The record does not indicate that the court was mistaken about the defendant’s minimum sentence. In fact, before the court imposed sentence, it carefully considered the pertinent aggravating and mitigating factors set forth in the Code. (Ill. Rev. Stat. 1985, ch. 38, pars. 1005—5—3.1, 1005 — 5—3.2.) Instead of supporting an abuse of discretion, the record indicates that the defendant agreed that probation was unavailable and invited the court to sentence him as an adult. We, therefore, cannot allow the defendant to successfully complain of the alleged error on appeal. People v. Beavers (1986), 141 Ill. App. 3d 790, 491 N.E.2d 438.

Finally, the defendant argues that the court erroneously ordered him to reimburse his public defender attorney from his bond.

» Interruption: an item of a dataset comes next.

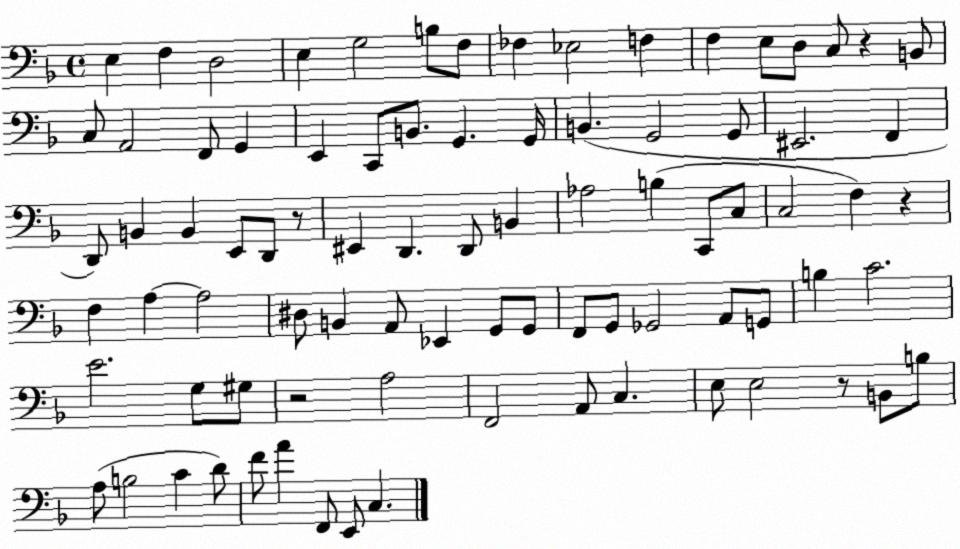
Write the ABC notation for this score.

The court noted that the defendant, who had a court-appointed attorney, had posted $1,500 bond. The State orally requested public defender reimbursement at the hourly rate of $52.85. The defendant’s counsel stated that she had worked more than 80 hours on the defendant’s case. The court ordered that the defendant’s bond be applied to court costs of $528 and public defender fees of $972.

When a defendant has court-appointed counsel, the court may, following a hearing, order reasonable reimbursement from the defendant’s bond and may consider the interests of whoever posted the bond. (Ill. Rev. Stat. 1985, ch. 38, par. 113—3.1.) The court must, however, determine the county’s cost and the defendant’s foreseeable ability to pay. People v. Bramlett (1983), 118 Ill. App. 3d 1056, 455 N.E.2d 1092.

The defendant was present when the State orally moved for *560reimbursement. The court knew that subsequent to his trial the indigent, 16-year-old defendant had worked at most two days weekly with his father. It found that the defendant was unable to compensate the victim. The record was devoid of the defendant’s ability to pay, the county’s actual cost for the defendant’s counsel and considerations of the person who posted his bond. We find that under these circumstances the court abused the statutory procedure. (See People v. Reynolds (1987), 152 Ill. App. 3d 216, 504 N.E.2d 163.) Therefore, pursuant to Supreme Court Rule 615(b), we vacate the trial court’s reimbursement order. 87 Ill. 2d R. 615(b).

Accordingly, the judgment of the circuit court of Will County is modified to vacate both the defendant’s count II conviction and the provision ordering the defendant to reimburse the county $972 for attorney fees. The judgment is otherwise affirmed.

Affirmed as modified.

BARRY, P.J., and HEIPLE, J., concur.